Saya ingin Jade mengenal kehidupan yang beragam semenjak ia masih kecil. Saat ini umurnya delapan tahun. Dia pun kadang-kadang suka bertanya tentang teman-teman saya, “Mom, he’s gay, right?” katanya. Ia ternyata sudah mengenal mengenai kosakata ‘gay’. Menanggapi hal tersebut, saya ingin dapat menjelaskan pemahaman ini ke padanya dengan baik. Di sini saya bisa menjelaskan mengenai makna kebhinekaan kepadanya. Saya ingin ia mengetahui bahwa gay bukanlah sesuatu yang negatif, saya menceritakan banyak insan-insan gay yang produktif, inovatif, dan kreatif.
Salah satu hal yang saya ajarkan kepada anak saya adalah perbedaan antara gay dan lelaki feminin.
Seseorang memiliki sifat feminin dan seorang gay adalah dua hal yang berbeda. Menjadi gay tidak harus feminin, dan begitu juga sebaliknya. Inilah yang saya ajarkan kepada anak saya. Saya ingin anak saya memiliki pemahaman yang tepat mengenai LGBT. Jadi, jika suatu saat ia dewasa dan terjun ke masyarakat, ia mampu memahami manusia dengan utuh.
***
Bicara mengenai lesbian dan gay, saya pun memiliki pengalaman yang membuat beberapa orang menyangka saya seorang lesbian. Pengalaman itu datang ketika saya masih sekolah. Dulu ada seorang teman wanita dari sekolah lain. Dia mengakui dirinya seorang lesbian. Kebetulan ia bermain dengan teman-teman saya. Dari awal melihatnya, ia memiliki penampilan yang berbeda dibanding teman-teman wanita saya yang lain. Saya menyukai perhatian yang diberikannya. Kami pun berteman dan menjadi dekat. Seperti layaknya anak kecil, kedekatan dengannya saat itu artinya main game dan mendengarkan lagu bersama. Tidak ada yang serius. Namun, beberapa orang menyangka kami adalah sepasang kekasih.
Pengalaman yang serupa saya alami terjadi ketika saya lulus SMA. Setiap pengalaman kedekatan saya dengan wanita tidak pernah bersifat seksual, mereka menghormati saya. Saya menyukai perhatian yang diberikan. Kasih sayang yang diberikan jauh melebihi para pria yang pernah dekat dengan saya saat itu. Kepedulian yang diberikan dan dukungan membuat saya nyaman dengannya. Saking dekatnya, hubungan kami seperti sepasang kekasih dan itu berjalan selama satu tahun.

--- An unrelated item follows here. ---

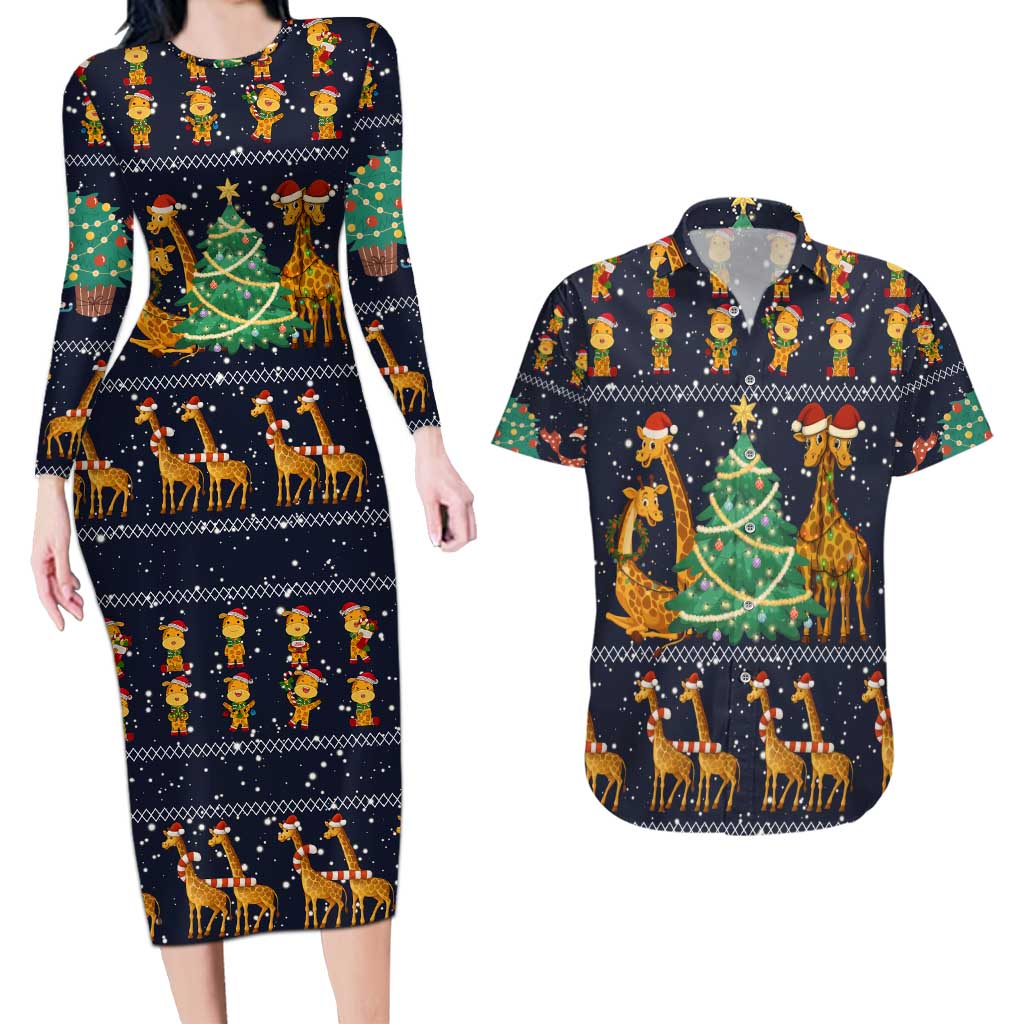 Love Giraffe Christmas Couples Matching Long Sleeve Bodycon Dress and Hawaiian Shirt Xmas Holiday Patterns - Wonder Print Shop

Namun, saya tahu bahwa diri saya bukanlah seorang lesbian. Walau saat menjalani hubungan dengan wanita pun, saya tahu diri saya bukanlah seorang lesbian. Saya tidak pernah menjadi seorang lesbian.

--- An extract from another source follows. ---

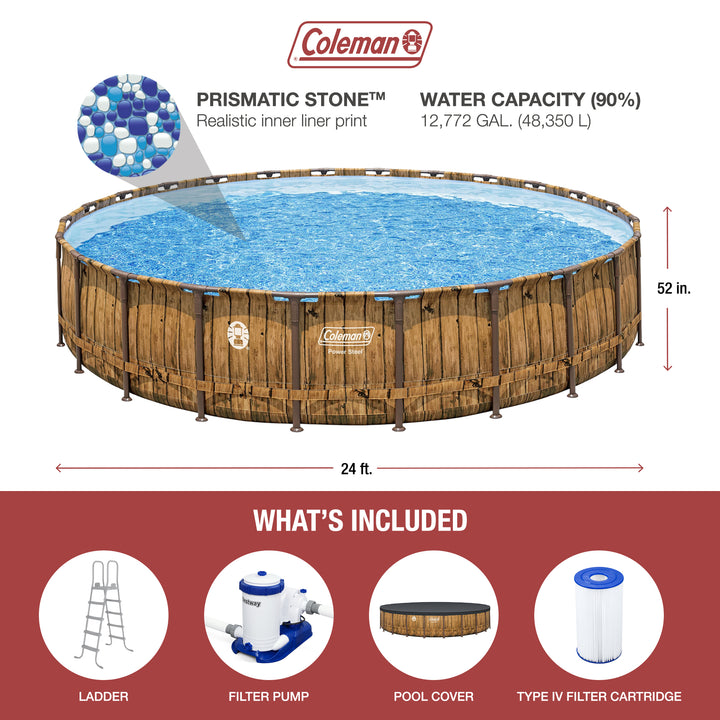Coleman Power Steel 24' x 52" Metal Frame Above Ground Swimming Pool (Open Box)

Sayangnya, karena dua pengalaman tersebut, banyak orang yang menyangka saya seorang lesbian. Bahkan, dalam beberapa kesempatan, saya mendapatkan penghakiman dari beberapa orang. Hal itu terjadi sampai hari ini. Prestasi apa pun yang saya lakukan, orang suka mengaitkan saya sebagai seorang lesbian. Ini tidak adil jika melihat manusia hanya dengan satu dimensi saja.
Pengalaman ini membuat saya memahami begitu beratnya hidup yang harus dialami seorang gay dan lesbian. Kejadian ini membuat saya berpikir: apakah seorang wanita tidak boleh memiliki kawan dekat seorang lesbian? Jika masyarakat akan berasumsi saya seorang lesbian hanya karena memiliki kawan lesbian, apakh artinya hidup sebagai lesbian artinya hidup dalam kesepian? Dikucilkan?

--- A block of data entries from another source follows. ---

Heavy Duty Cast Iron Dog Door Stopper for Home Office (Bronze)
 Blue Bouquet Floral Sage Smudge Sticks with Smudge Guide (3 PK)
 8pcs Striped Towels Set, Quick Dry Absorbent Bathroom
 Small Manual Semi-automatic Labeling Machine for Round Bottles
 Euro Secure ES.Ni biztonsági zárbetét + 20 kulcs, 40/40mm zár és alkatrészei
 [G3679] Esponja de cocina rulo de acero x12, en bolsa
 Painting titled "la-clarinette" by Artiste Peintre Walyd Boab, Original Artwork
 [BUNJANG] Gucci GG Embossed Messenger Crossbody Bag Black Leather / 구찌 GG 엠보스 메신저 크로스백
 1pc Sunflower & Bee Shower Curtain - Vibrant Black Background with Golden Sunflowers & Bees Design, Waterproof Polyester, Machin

Saya percaya setiap orang memiliki kekuatan untuk menciptakan dunia yang lebih baik. Buat saya, hal yang bisa saya lakukan adalah memaafkan orang-orang yang menghakimi saya. Penghakiman yang mereka berikan kepada saya membuat saya untuk tidak menghakimi mereka yang memang terlahir sebagai gay dan lesbian. Saya diberikan perspektif yang lebih baik tentang bagaimana cara memperlakukan orang lain. Saya tahu seperti apa rasanya dihakimi.
Lelaki dan wanita melihat hubungan dengan perspektif yang berbeda.
Bagi saya yang seorang wanita, perhatian dan kasih sayang adalah hal yang penting. Pada akhirnya pun, kedua hal ini lah yang penting, tidak masalah dari mana perhatian dan kasih sayang ini datang. Saya yakin, saya bukanlah satu-satunya wanita yang memiliki pengalaman ini.
Saat ini saya telah dikaruniai hidup yang bahagia dengan seorang suami dan anak perempuan yang saya cintai. Saya juga dikaruniai pekerjaan yang saya cintai dan sahabat-sahabat yang mencintai saya, gay ataupun lesbian.
***
Salah satu sahabat saya yang dilahirkan berbeda adalah Tri Handoko. Ia adalah seorang gay, desainer, dan tahun ini menjabat sebagai ketua Trend Ikatan Perancang Mode Indonesia (IPMI). Persahabatan kami dimulai belasan tahun lalu, ketika Tri Handoko masih berdomisili di Bali. Saat itu IPMI menggelar trend show yang diselenggarakan Gedung Bidakara. Tahun persisnya saya lupa, tetapi pasti lebih dari sepuluh tahun yang lalu. Trend show saat itu adalah salah satu yang terbaik. IPMI menyelenggarakannya dengan begitu spektakuler, bahkan dibagun dua panggung untuk acara tersebut.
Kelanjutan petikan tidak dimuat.